Gov’t forecasts average 4.1% GDP growth
The Holness administration is forecasting that the economy will see real gross domestic product (GDP) growth averaging 4.1 per cent over the next four fiscal years.
In the Fiscal Policy Paper, tabled in Parliament on Thursday, the Ministry of Finance and the Public Service said that the recovery was predicated on the expected loosening of the pandemic’s grip on the economy as global vaccination against COVID-19 continues.
Jamaica is expected to receive its first supply of the AstraZeneca coronavirus vaccine before the end of this month, through the COVAX facility.
The ministry says that output growth of 5.2 per cent is projected for financial year 2021-22, as the demand for goods and services increase over their 2020-21 fiscal year levels.
It is anticipated that expansion will be mainly driven by hotels and restaurants; transport, storage and communications and other services, buoyed by an increase in the number of tourist arrivals, as well as a gradual return to normality given the sharp decline in economic activity in the 2020-21 financial year.

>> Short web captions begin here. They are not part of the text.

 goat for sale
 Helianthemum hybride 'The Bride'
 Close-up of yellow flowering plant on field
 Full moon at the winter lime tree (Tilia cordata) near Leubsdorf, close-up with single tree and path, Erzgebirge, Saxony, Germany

Over the medium term, the finance ministry says growth within the goods-producing sector is expected to be driven by agriculture, forestry and fishing, based on the continued stabilisation of the supply chain associated with irrigation projects, as well as increased demand linked to the increase in tourism.

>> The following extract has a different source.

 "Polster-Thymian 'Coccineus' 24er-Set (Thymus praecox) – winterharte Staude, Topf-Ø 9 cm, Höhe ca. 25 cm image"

Mining and quarrying outlook positive
There is also a positive outlook for the mining and quarrying sector due to the expected increase in production capacity following the resumption of operations at the JISCO (Alpart) refinery during the 2022-23 financial year.
The Government says that inflation is expected to stabilise at around five per cent over the medium term.

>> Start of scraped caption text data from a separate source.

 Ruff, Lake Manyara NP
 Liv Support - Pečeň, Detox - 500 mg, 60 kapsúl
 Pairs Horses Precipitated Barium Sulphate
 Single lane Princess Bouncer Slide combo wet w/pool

For the 2020 calendar year, the All-Jamaica Consumer Price Index grew by 5.2 per cent, relative to the 6.1 per cent recorded for the 12-month period ending December 2019.
The nominal exchange rate declined during the review period, relative to December 2019. At the end of last year, the weighted average selling rate was US$1 to J$142.65. This represents an accelerated depreciation of 7.6 per cent relative to the 3.8 per cent recorded for the corresponding period in the previous year.
The Ministry of Finance explained that the selling rate of the Jamaica dollar vis-à-vis the US dollar faced increased pressure, owing to increased end-user demand, particularly from the manufacturing and distributive trade and the significant reduction of US-dollar inflows, due to the dramatic fallout in tourist arrivals.